Targeting Total Standard Income and Long Term Cap Gains
Your total standard income includes all non-SSI standard income (including non-qualified dividends, retirement account withdrawals or rollovers, earned income, etc.) plus your taxable SSI.
And as discussed in the previous post, your taxable SSI is a function of four things:
- non-SSI standard income
- long term capital gains and qualified dividends (which I’ll collectively refer to as LT cap gains, as they are taxed at the same rate)
- tax filing status (married filing jointly vs all other filing statuses)
So as discussed in the FIRE Withdrawal Strategy Algorithms page, what we want to do is target a specific amount of non-SSI standard income and LT cap gains that gives a taxable SSI that fits into these equations:
- taxable SSI + non-SSI standard income = standard deduction (or top of lowest tax bracket if you prefer, but I’ll be shooting for the standard deduction in the rest of the article)
- taxable SSI + non-SSI standard income + LT cap gains = top of 0% LT cap gains tax bracket
By doing this targeting as part of the TPM method, you can significantly reduce your tax bill, hopefully down to $0. Those lower tax bills can result in tremendous gains over many years with compounding growth.
NOTE: After considering the impacts of large RMDs, I updated the below algorithm on the FIRE Withdrawal Strategy Algorithms page. See that page for the latest version.

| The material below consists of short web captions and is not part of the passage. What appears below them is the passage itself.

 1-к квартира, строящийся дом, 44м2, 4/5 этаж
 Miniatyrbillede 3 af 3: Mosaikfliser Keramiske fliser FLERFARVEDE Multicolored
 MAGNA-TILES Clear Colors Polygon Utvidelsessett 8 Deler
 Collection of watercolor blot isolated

The following is a high level description of the targeting algorithm that I implemented in python, to provide a general sense of how it works. For more details, please see the code itself.
As mentioned above, we want the maximum standard income (taxable SSI + non-SSI standard income) to equal the standard deduction for your filing status (e.g., $12,950 for single filers, $19,400 for heads of households, $25,900 for married couples filing jointly), so you won’t pay income tax on any of that income.

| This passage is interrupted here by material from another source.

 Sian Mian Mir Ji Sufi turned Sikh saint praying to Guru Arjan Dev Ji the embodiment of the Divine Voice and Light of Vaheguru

We also want LT cap gains such that when you add those gains to the max standard income we reach the top of the 0% LT cap gains tax bracket (e.g., $41,675 for single filers, $55,800 for heads of households, $83,350 for married couples filing jointly), so you won’t pay any LT cap gains taxes.
Finally, adjust the maximum standard income you’re shooting for by subtracting any nonqualified dividends and other sources of income you can’t easily dial up and down (e.g. a pension). We’ll call this “remaining standing income room”.
Solve for Max Non-SSI Standard Income
Now that we have our targets, next we need to solve for the max non-SSI standard income. This value, when added to taxable SSI, should equal the above “remaining standing income room”.
The challenge we immediately encounter is that it doesn’t appear possible/practical to manipulate the equations to directly solve for the appropriate max non-SSI standard income (let me know in the comments if I’m wrong). Why? Because taxable SSI is also a function of the non-SSI standard income, and thus any changes to non-SSI standard income also affect the taxable SSI (nominally).
So how do we deal with this stickiness? When I see a situation like this, I typically reach for a numerical solver, which can use well-established numerical optimization methods to converge on the desired solution. In fact, even if I believe it might be possible to eventually suss out a direct analytical solution, I will often save the time and effort and just employ a numerical solver – especially if there’s no reason to believe the underlying functions will take a lot of computation.
The numerical solver we’ll employ is the highly optimized scipy.optimize.newton routine, which employs the Secant method to solve for the appropriate max non-SSI standard income. The goal of the Secant method (or Newton’s method) is to find the point where a provided function is equal to zero. So we need to structure our function so that when we have the desired answer, the “zero function” returns zero.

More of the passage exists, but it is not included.